Now, I can see differently. I was not over it. I can see that it was part of my story and that it had a purpose. It is only now that I can see and express that purpose.

I have tenderly transmuted that horrible experience into something infused with well-being and love.

Of late, many times when I walk out of my home in London, I encounter a man who thinks it is okay to whistle at me. Sometimes it is some other man who thinks it is okay to comment on my appearance. Then there are the men who think it is okay to stare at me as I walk by.

Let me be clear. To those men: It is not okay. It is not okay for you to say and do those things to me.

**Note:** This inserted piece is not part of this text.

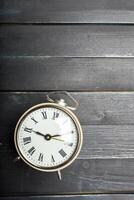alarm clock on a wooden table photo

I notice how I hesitate to write such a powerful statement. I mean, am I uptight? Am I overreacting? Am I taking it all too seriously? Is there something wrong with me? It’s all harmless, right? I mean, we all know that men are drawn to women. So, I ask myself, what’s wrong with a man appreciating me?

My answer is this, there is absolutely nothing wrong with a man appreciating a woman’s beauty, so long as it is in a healthy and respectful way. If a man appreciates me in a pure, good way, nothing feels more cherishing; it is a beautiful thing. The things I am talking about here do not feel pure. They do not feel healthy. And they do not feel good. They feel insidious, and they feel like part of a festering wound and unhealthiness about the way some men view women.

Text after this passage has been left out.